La realidad, hoy, es que la competitividad empieza a resentirse, como consecuencia de la hipocresía cambiaria. En los discursos se defiende el «dólar alto». En la realidad se hace que sea cada vez más bajo.
De esta manera, el Estado junta más pesos y los cambia por más dólares. Esto facilita el pago de las deudas con varios acreedores, empezando por el FMI.
El costo lo paga la producción. El dólar débil es una amenaza para los exportadores, que ganan en dólares y gastan en pesos. También para los industriales y productores que sirven al mercado interno: pueden verse desplazados (otra vez) por bienes importados.
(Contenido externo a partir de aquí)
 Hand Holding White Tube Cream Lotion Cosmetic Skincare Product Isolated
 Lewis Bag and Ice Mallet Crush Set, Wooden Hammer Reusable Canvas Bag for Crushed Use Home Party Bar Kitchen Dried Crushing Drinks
Cuando se abarata el dólar por algún artificio (tablita, convertibilidad o retenciones), se subsidia a los productores de otros países, tanto en el mercado internacional como en el argentino.
En su mensaje a la Asamblea Legislativa, el pasado 25 de mayo, el Presidente prometió mantener «un tipo de cambio realista, pro producción y pro empleo».
Hasta ahora, su gobierno ha avanzado en la dirección contraria.
Rodolfo H. Terragno
El autor es senador nacional y autor del libro «La simulación»
Fuente: diario La Nación, Buenos Aires, 2 de octubre de 2005.